Somewhere on the edge of her mind, under the music, she heard the sound of train wheels. They knocked in an even rhythm, every fourth knock accented, as if stressing a conscious purpose. She could relax, because she heard the wheels. She listened to the symphony, thinking: This is why the wheels have to be kept going, and this is where they’re going. (p. 13)

She recognizes it as Halley, well knowing that she has never heard it before, and gets a hint of its identity by the whistler’s admission that it is Halley’s unknown Concerto No. 5 (not a symphony). As she later learns, it is subtitled Deliverance (an allusion, obviously, to christian “Redemption”). The composer has “delivered himself” by withdrawing from concert life and joining John Galt’s secret mutual admiration society. That’s where the story line stops holding interest.

Meanwhile, the reader may try to find real world references for Rand’s fictional music. Halley’s fourth concerto

was a great cry of rebellion. It was a “No” flung at some vast process of torture, a denial of suffering, a denial that held the agony of the struggle to break free. The sounds were like a voice saying: There is no necessity for pain—why, then, is the worst pain reserved for those who will not accept its necessity?—we who hold the love and the secret of joy, to what punishment have we been sentenced for it, and by whom? (p. 67)

The four piano concertos suggest an allusion to Rachmaninoff. And despite his very different emotional world, tainted by melancholy rather than rebellion and triumph, Rachmaninoff’s surging and soaring melodies and intense emotionality may well have been an inspiration for the author’s descriptions. Unsurprisingly, the older fellow Russian emigre was among the author’s favourite composers (though not, it seems, acquaintances). So, the reader is well justified in imagining something Rachmaninoff-like.

(Rachmaninoff, by the way, was as fond of fast cars and boats as Dagny Taggart is of fast trains. The chapter about Dagny’s first ride on the John Galt Line — at a record 100 MPH — stands out from the rest of the book in effectively conveying her exhilaration.)

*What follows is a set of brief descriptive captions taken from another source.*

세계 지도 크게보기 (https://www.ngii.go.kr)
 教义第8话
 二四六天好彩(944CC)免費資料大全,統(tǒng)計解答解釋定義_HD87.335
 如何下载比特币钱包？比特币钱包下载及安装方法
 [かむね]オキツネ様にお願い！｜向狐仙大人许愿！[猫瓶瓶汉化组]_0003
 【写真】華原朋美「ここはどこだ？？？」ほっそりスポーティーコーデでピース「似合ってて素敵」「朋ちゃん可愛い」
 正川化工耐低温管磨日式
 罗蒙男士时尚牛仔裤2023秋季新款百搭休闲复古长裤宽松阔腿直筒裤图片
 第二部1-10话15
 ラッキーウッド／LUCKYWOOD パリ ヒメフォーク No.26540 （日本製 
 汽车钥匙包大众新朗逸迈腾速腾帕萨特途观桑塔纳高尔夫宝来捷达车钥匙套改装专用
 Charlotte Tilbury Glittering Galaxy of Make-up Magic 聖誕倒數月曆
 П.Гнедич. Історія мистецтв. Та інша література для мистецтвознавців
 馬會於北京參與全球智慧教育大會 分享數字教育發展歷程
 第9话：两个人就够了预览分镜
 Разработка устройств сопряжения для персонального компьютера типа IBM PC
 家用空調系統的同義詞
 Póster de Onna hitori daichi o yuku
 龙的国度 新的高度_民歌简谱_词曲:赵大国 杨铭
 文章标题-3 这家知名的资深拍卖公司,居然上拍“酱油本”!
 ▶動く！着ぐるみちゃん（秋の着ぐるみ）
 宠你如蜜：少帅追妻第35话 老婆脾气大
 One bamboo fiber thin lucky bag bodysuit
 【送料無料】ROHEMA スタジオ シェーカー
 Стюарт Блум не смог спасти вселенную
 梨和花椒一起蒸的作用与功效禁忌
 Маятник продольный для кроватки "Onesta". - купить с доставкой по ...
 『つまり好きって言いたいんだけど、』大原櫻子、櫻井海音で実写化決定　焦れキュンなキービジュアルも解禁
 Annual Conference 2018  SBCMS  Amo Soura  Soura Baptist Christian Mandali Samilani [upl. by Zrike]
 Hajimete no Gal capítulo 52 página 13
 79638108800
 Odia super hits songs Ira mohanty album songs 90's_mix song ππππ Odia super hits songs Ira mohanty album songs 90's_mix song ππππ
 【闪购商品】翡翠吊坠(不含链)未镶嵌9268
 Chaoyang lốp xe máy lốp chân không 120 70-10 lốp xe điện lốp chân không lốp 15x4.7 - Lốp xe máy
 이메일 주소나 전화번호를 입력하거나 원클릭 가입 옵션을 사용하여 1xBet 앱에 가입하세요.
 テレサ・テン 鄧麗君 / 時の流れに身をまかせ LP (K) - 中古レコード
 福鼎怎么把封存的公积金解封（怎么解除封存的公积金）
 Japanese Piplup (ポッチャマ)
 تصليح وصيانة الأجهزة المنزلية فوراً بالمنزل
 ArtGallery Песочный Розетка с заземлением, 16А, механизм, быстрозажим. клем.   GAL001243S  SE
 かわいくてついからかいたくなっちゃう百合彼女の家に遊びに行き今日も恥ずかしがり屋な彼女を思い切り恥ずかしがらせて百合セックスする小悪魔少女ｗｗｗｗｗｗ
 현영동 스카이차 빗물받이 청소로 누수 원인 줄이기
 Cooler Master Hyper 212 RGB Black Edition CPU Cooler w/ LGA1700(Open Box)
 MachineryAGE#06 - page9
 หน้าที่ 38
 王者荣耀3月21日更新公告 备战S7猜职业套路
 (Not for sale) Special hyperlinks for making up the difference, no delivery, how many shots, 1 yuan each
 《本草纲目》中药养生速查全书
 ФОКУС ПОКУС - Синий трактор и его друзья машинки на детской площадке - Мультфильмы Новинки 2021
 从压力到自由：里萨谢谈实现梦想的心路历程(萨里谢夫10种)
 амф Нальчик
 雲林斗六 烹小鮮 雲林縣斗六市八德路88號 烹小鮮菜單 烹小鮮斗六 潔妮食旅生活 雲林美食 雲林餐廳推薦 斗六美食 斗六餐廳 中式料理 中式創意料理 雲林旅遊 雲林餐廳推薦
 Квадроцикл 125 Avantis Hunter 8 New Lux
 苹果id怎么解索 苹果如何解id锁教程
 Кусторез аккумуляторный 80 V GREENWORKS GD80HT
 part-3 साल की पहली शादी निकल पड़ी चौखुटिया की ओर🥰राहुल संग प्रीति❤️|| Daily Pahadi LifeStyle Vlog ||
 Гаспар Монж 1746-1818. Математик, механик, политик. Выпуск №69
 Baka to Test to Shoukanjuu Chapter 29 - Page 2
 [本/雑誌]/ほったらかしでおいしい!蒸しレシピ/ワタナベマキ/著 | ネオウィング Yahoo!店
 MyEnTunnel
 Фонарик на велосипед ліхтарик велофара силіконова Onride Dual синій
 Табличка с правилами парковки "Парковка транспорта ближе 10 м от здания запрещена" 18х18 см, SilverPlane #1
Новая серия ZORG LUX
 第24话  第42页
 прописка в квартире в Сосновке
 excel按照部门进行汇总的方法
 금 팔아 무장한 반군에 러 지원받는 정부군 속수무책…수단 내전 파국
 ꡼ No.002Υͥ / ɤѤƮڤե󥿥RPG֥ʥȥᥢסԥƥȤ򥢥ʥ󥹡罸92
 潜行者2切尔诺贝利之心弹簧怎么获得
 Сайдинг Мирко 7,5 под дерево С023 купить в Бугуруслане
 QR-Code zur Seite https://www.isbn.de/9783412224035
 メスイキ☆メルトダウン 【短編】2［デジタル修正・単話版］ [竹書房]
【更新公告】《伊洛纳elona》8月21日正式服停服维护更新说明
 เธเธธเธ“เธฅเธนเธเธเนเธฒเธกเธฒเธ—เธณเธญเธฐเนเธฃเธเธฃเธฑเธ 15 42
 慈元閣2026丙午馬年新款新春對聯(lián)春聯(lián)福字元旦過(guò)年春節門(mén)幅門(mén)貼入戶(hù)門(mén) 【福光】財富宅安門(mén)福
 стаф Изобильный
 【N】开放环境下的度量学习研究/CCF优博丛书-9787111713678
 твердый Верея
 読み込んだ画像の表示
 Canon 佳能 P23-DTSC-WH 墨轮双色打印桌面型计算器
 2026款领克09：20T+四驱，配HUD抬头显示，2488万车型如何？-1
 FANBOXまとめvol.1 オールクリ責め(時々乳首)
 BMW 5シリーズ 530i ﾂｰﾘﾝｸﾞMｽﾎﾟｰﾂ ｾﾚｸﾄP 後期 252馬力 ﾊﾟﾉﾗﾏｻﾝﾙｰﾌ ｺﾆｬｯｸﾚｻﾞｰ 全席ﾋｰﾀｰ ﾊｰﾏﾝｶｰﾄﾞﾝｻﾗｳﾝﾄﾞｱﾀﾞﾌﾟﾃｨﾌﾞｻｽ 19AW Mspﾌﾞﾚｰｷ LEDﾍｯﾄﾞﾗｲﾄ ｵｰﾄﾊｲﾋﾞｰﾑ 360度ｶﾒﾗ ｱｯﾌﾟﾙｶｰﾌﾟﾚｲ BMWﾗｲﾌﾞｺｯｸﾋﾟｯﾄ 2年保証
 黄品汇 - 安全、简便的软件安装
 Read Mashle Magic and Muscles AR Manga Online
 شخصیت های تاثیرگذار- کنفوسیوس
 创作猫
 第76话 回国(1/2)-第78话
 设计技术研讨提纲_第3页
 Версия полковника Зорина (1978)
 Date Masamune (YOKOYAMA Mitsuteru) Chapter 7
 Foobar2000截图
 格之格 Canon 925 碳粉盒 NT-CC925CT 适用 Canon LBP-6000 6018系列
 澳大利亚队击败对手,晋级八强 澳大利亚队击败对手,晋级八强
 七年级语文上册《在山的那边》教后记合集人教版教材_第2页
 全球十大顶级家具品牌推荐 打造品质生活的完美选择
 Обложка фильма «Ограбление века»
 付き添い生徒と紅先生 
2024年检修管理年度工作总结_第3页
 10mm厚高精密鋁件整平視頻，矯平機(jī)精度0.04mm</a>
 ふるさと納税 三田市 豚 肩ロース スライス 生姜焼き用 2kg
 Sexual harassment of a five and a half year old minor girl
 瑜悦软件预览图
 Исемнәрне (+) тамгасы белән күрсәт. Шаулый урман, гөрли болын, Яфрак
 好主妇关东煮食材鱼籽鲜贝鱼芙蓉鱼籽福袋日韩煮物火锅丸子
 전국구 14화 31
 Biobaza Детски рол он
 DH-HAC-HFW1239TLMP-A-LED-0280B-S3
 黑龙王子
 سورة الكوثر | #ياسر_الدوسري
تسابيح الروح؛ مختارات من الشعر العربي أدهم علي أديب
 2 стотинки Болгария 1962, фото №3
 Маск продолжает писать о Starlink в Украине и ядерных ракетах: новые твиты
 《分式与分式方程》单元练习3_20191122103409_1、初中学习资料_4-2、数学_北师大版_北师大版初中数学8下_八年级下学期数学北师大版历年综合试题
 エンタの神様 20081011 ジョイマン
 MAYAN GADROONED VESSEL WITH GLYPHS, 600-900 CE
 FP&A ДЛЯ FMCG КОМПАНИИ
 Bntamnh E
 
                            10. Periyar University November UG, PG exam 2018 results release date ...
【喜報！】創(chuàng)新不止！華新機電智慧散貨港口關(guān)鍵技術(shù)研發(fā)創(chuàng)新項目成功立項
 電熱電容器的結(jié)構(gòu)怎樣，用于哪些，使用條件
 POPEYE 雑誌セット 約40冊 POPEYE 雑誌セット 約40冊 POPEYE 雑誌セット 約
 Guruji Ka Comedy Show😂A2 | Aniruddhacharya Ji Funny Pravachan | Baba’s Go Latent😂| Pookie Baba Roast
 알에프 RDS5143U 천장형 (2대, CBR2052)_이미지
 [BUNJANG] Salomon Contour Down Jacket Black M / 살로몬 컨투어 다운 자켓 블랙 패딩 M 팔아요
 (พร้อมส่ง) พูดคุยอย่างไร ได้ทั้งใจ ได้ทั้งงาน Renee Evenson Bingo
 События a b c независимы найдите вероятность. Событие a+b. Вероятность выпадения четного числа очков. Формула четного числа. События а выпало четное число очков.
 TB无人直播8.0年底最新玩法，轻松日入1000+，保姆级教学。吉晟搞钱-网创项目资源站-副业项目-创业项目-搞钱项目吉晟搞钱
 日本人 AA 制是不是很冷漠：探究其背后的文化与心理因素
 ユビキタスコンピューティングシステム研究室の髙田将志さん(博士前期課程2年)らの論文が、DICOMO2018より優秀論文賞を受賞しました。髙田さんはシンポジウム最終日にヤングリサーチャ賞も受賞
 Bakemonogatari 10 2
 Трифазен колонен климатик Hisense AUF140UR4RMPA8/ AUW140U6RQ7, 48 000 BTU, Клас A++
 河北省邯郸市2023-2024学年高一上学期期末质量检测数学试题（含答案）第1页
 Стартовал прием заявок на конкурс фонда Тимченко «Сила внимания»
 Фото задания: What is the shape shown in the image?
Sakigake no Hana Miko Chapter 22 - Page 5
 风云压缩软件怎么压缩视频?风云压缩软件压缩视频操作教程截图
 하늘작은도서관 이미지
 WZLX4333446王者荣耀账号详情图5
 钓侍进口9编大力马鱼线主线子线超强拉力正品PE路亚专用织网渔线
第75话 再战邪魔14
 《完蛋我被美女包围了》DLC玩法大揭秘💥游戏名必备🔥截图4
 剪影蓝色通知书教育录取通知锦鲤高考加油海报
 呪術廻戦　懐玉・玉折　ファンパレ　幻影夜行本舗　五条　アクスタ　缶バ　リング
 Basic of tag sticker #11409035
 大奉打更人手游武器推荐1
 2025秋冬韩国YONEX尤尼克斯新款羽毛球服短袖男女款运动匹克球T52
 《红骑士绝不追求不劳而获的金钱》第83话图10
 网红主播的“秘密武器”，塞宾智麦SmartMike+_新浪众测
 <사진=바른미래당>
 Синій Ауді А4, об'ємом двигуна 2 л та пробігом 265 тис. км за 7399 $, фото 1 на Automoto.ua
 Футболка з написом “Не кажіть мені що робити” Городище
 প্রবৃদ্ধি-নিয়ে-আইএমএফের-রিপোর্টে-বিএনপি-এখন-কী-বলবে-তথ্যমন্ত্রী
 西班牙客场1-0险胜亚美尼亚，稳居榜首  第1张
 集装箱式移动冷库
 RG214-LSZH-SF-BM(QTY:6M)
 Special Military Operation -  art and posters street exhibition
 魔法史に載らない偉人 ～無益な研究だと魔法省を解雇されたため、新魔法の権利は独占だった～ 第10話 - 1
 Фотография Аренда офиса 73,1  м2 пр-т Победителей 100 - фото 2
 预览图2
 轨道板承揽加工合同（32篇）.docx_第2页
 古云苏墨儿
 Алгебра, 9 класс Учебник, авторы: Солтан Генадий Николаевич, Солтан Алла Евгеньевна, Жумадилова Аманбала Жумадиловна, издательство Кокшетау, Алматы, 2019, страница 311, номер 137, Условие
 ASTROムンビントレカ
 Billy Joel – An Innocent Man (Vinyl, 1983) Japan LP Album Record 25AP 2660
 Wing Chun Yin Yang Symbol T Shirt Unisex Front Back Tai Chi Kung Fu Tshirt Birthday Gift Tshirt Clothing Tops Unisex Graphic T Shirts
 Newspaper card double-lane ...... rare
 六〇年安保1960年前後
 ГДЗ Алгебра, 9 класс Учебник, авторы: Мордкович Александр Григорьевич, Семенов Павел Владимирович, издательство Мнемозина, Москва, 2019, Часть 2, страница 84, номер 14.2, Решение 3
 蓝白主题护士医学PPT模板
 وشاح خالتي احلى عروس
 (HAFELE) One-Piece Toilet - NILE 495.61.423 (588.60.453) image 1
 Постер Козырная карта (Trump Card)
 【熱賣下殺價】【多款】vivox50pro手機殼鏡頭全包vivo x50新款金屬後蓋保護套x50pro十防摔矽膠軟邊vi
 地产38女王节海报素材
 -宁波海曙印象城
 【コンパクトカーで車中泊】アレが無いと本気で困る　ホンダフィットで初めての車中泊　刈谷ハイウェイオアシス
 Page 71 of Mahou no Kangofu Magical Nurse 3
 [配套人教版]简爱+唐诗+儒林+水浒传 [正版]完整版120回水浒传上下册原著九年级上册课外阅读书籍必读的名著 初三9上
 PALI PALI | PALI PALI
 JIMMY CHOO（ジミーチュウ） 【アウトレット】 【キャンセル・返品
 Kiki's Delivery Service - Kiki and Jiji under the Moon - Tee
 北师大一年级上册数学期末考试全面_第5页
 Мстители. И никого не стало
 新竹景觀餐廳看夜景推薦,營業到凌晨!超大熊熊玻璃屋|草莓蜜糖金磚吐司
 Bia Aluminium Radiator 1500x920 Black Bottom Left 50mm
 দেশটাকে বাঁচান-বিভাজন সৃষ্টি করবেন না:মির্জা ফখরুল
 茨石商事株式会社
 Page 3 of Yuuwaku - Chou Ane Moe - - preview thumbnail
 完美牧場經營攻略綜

The musical-literary leitmotiv of Halley’s Concerto No. 5 might function very well as a cinematographic device, as so much in this novel brings to mind movie clichés. Its setting is presumably contemporary (1950’s), but situation and characters seem rather to belong to the thirties, the age of rail and radio. It was also the time when Rand started to become critically engaged with US politics. Roosevelt’s New Deal was too reminiscent of the communism which had come down hard on her family. This retrospective aspect is ignored in the recent (2011-2014) mediocre and unsuccessful movie version, set in 2016. I can more or less imagine what the Coen brothers might do with the novel. Transposed to the screen in a fairly literal manner, in 1930’s black and white, it would almost automatically turn into satire.